> [TASK STATEMENT]: Keep the pictures out. Copy every line of the listing exactly.
[[ LISTED ENTRIES open ]]
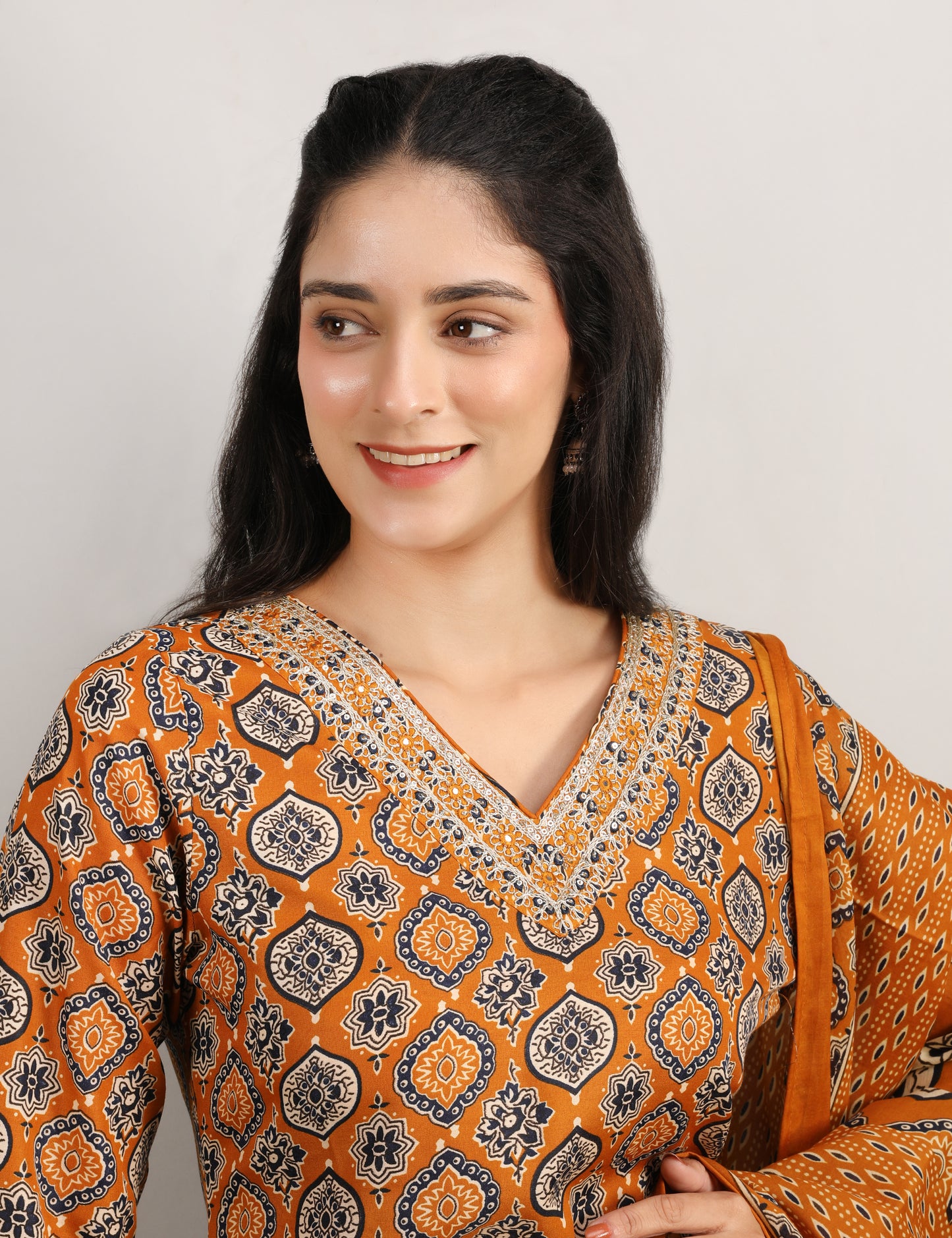 RUST YELLOW BLOCK PRINT COTTON STRAIGHT SUIT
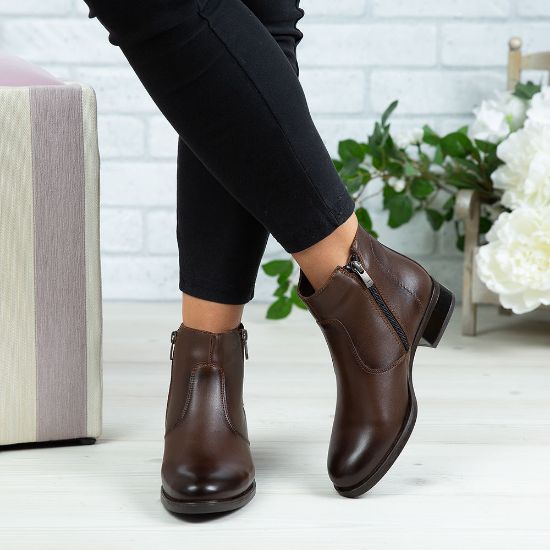 Imagine Ghete damă piele naturală N813 Maro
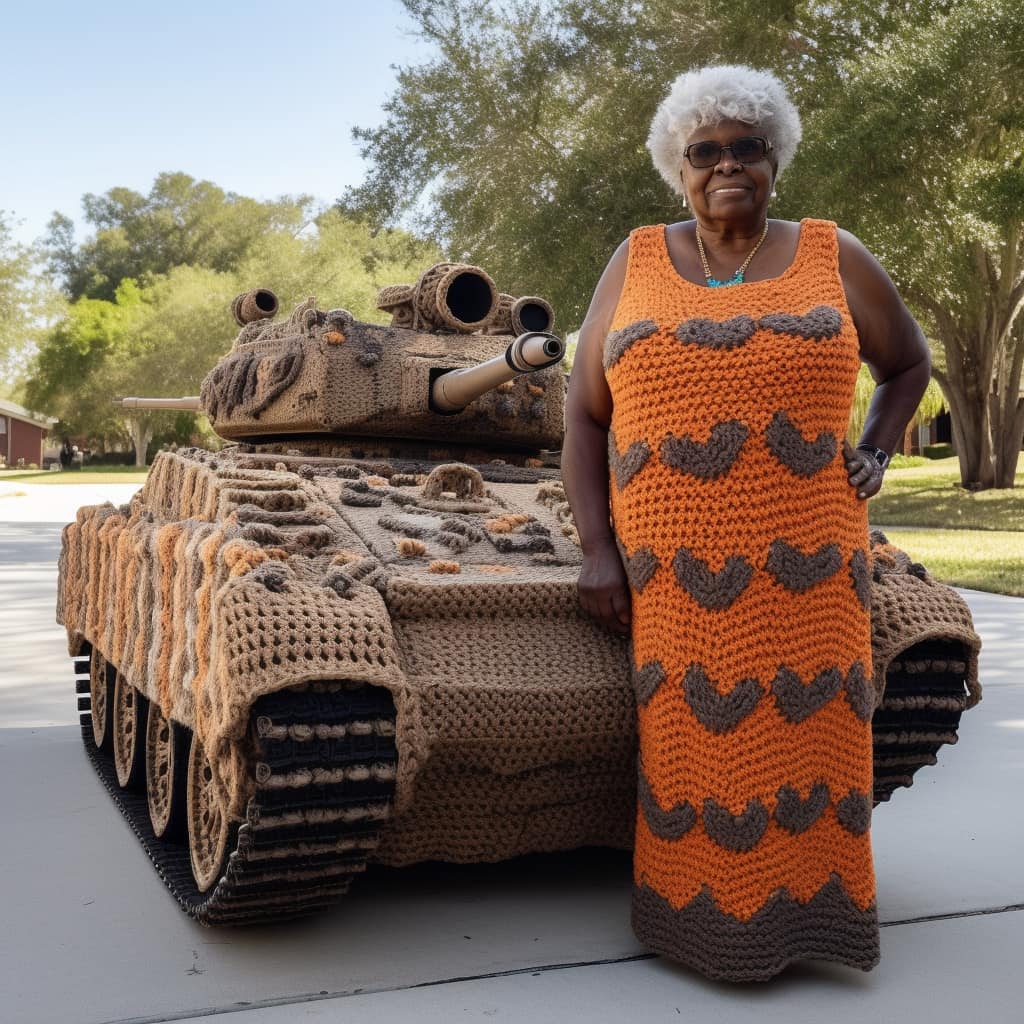 Grandmas show off crochet tanks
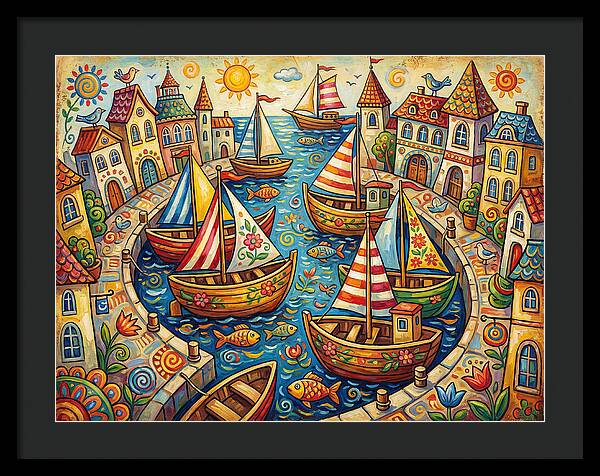 Colorful Harbor Scene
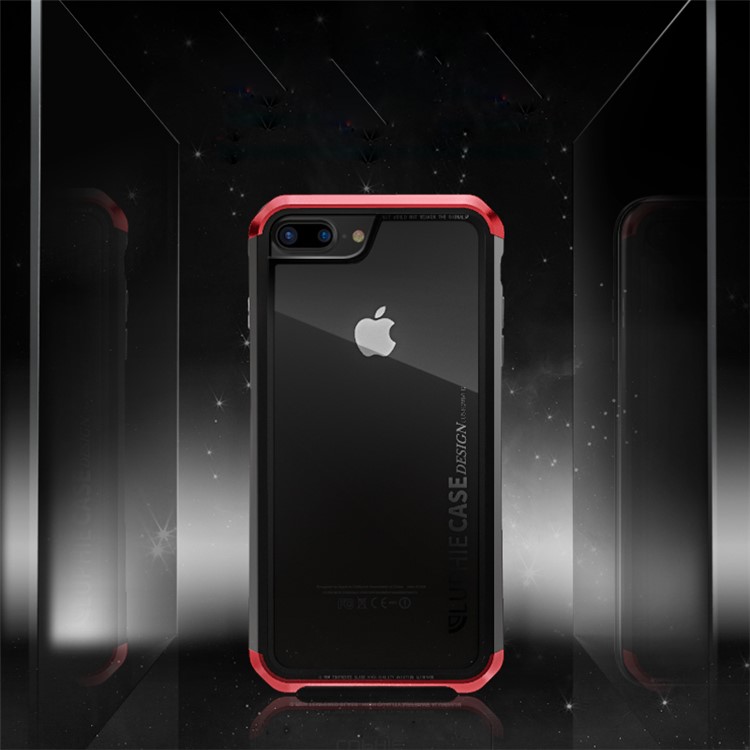 LUPHIE Double Dragon Tempered Glass Back + PC Metal Hybrid Case for iPhone 8 Plus/7 Plus/6s Plus/6 Plus - Red-5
[[ LISTED ENTRIES closed ]]
> [RESPONSE TO THIS EXERCISE]:
 RUST YELLOW BLOCK PRINT COTTON STRAIGHT SUIT
 Imagine Ghete damă piele naturală N813 Maro
 Grandmas show off crochet tanks
 Colorful Harbor Scene
 LUPHIE Double Dragon Tempered Glass Back + PC Metal Hybrid Case for iPhone 8 Plus/7 Plus/6s Plus/6 Plus - Red-5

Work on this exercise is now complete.